I can think of at least two other stable states—in one, you’ve had an experience that has acted as strong Bayesian evidence for you of the evidence of $DEITY, but which is either a purely subjective experience or which is non-repeatable. As an example of this class of event, if I were to pray “Oh Lord, give me enough money to never have to work again” and then two hundred thousand people were to buy copies of my books in the next five years, that would be enough evidence that it would be rational for me to believe in God.
Another stable state might be someone who has been convinced by Frank Tipler’s Omega Point hypothesis. Tipler himself is now clearly extremely irrational, but the hypothesis itself is taken seriously enough by people like David Deutsch (who is one of the less obviously-egregiously-stupid public intellectuals) that it’s not obviously dismissable out-of-hand.
I’m sure there are others, too.
EDIT—when I said “in the next five years” I meant to type “the next five minutes”, which would of course be much stronger evidence.
As an example of this class of event, if I were to pray “Oh Lord, give me enough money to never have to work again” and then two hundred thousand people were to buy copies of my books in the next five years, that would be enough evidence that it would be rational for me to believe in God.
Do you really think that would be enough? Even if you don’t think that the God hypothesis has a truly massive prior probability to overcome, you’d still have to reconcile this with the fact that most prayers for improbable things go unanswered, to the point that nobody has ever provided a convincing statistical demonstration that it has any effect except on people who know that prayers have been made.
Taking this as sufficient Bayesian evidence to hold a belief in God seems like believing that a die is weighted because your roll came up a six, when you know that it’s produced an even distribution of numbers in all its rolls together.
It doesn’t seem to me to be possible to hold both rationality and religion in one’s head at the same time without compartmentalization, which is one of the things rationality seeks to destroy.
As an example of this class of event, if I were to pray “Oh Lord, give me enough money to never have to work again” and then two hundred thousand people were to buy copies of my books in the next five years, that would be enough evidence that it would be rational for me to believe in God.

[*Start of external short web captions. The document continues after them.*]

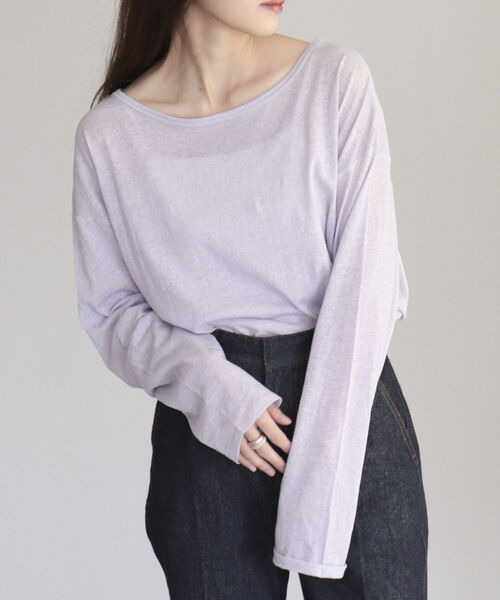 fredy emue（フレディエミュ）の「コットンスラブルーズロンT（Tシャツ/カットソー・レディース・オフホワイト/ブラック/ラベンダー/ライトグレー・38）」の19枚目の写真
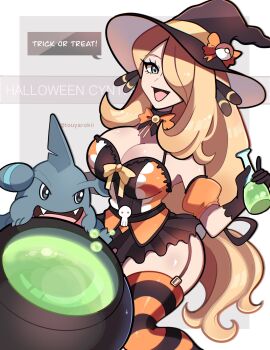 1girl alternate_costume black_gloves blonde_hair blush bow bowtie breasts cauldron cleavage cynthia_(pokemon) dress fangs garter_straps gen_4_pokemon gible gloves grey_eyes hair_ornament hair_over_one_eye halloween halloween_costume hat highres holding large_breasts long_hair long_sleeves looking_at_viewer nintendo open_mouth orange_bow orange_bowtie pokemon pokemon_(creature) pokemon_dppt short_dress smile speech_bubble striped_clothes striped_thighhighs thighhighs touyarokii trick_or_treat very_long_hair witch_hat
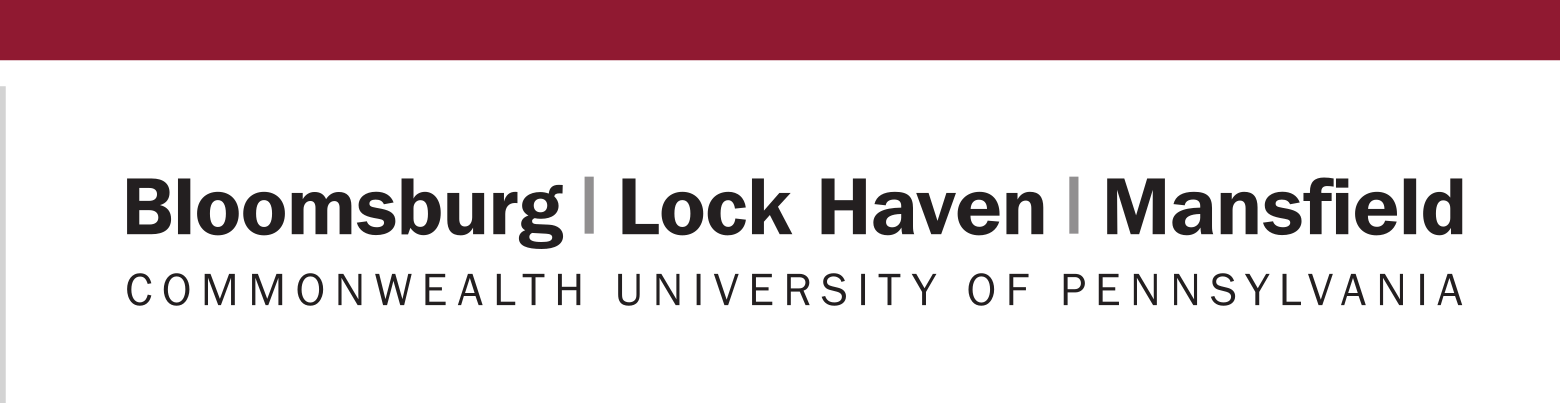 Bloomsburg Lock Haven Mansfield wordmark, black, full university name variant, cell 2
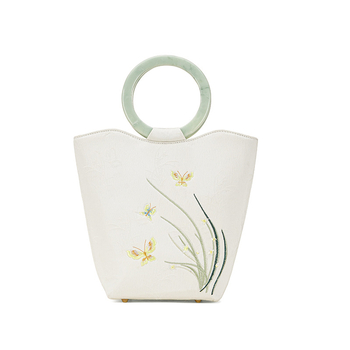 Κεντημένη bucket τσάντα με μοτίβα λωτού και Pinellia, κινεζικά εμπνευσμένου στυλ – ιδανική για τελετές με κινεζικά φορέματα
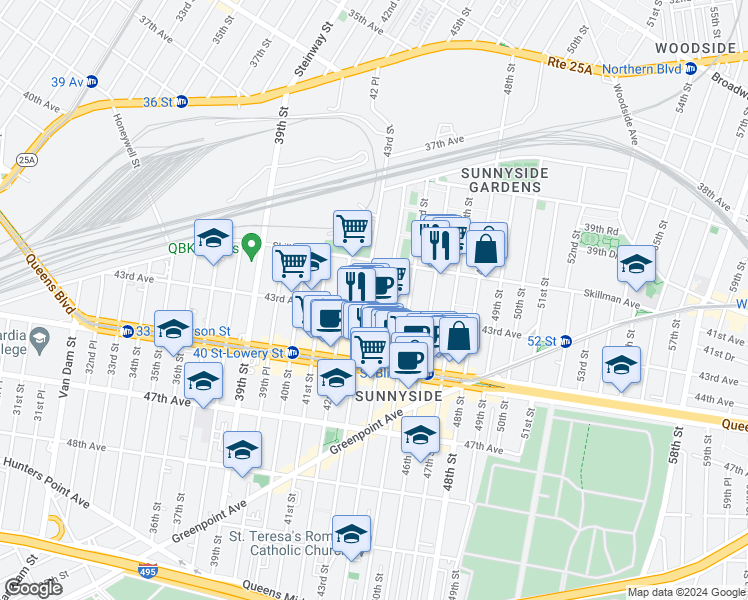 map of restaurants, bars, coffee shops, grocery stores, and more near 41-26 44th Street in Queens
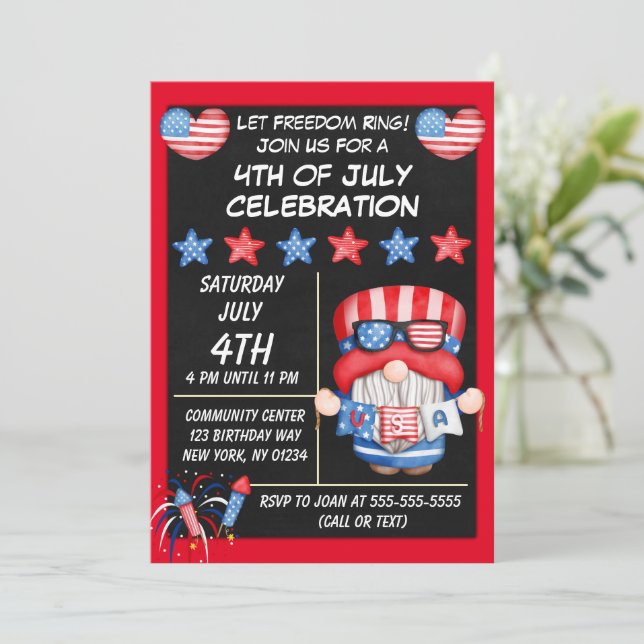 Gnome 4th of July Party Invitation (Standing Front)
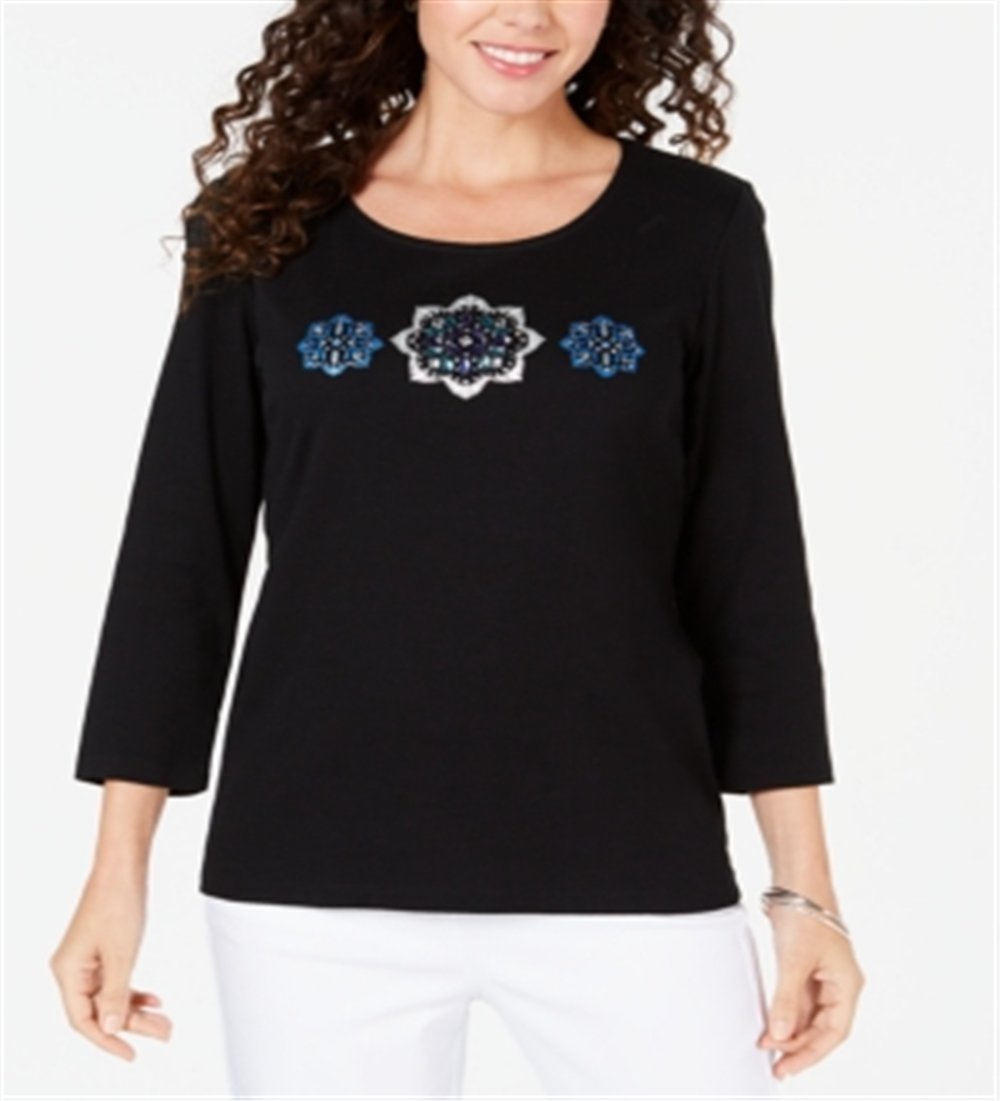 Blusa de algodão com strass Karen Scott feminina, amarela, tamanho GG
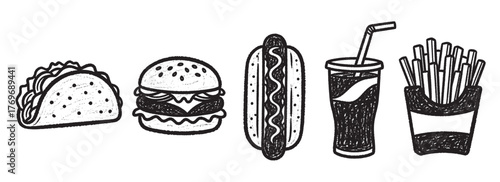 Hand-drawn black and white illustrations of a taco, burger, hot dog, soda, and fries showcasing classic fast food items.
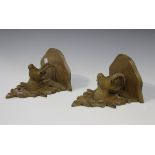 A pair of early 20th century Black Forest carved softwood wall brackets with mountain goat head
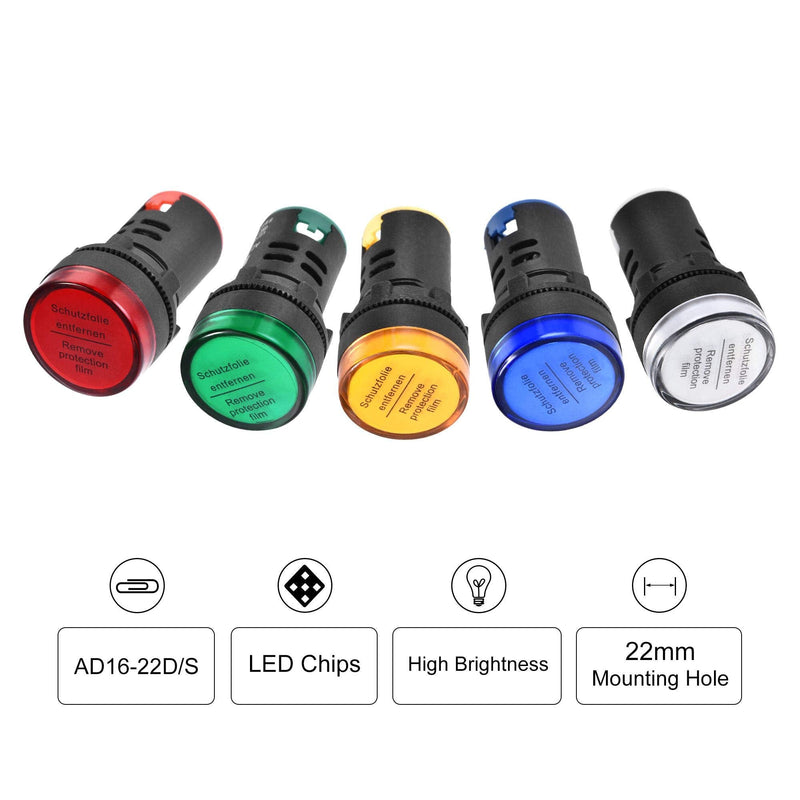 [Australia - AusPower] - uxcell Energy Saving LED Indicator Light AC/DC 110V Dustproof Waterproof Signal Pilot Lamp for Electrical Equipment Power Operating Status, Red Green Yellow Blue White 5 Colors, Pack of 5 
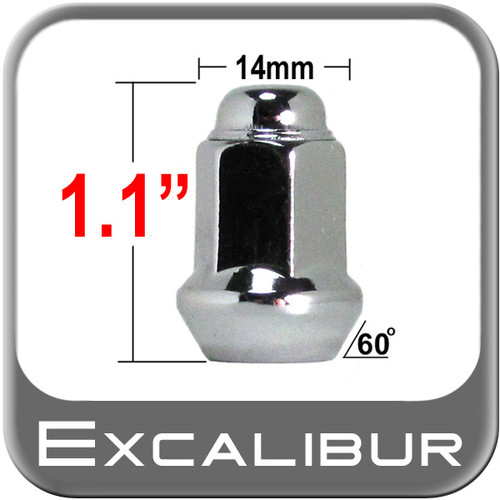 Excalibur® 3/8" x 24 Chrome Lug Nuts Tapered (60°) Seat Right Hand Thread Chrome Sold Individually #98-0028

The reason why rationality destroys religion is precisely because there is no evidence of this kind. It’s not a priori impossible to hold rationality and religion decompartmentalised in one’s head, but it is impossible in this universe.
Even in that case, a very powerful being messing with you is more likely than an uncaused, ontologically fundamental very powerful being (and not just because of the conjunction—a caused, reducible very powerful being is far more likely). Or did you just mean that this point was less obvious, so it would be harder for someone to realize that they were wrong?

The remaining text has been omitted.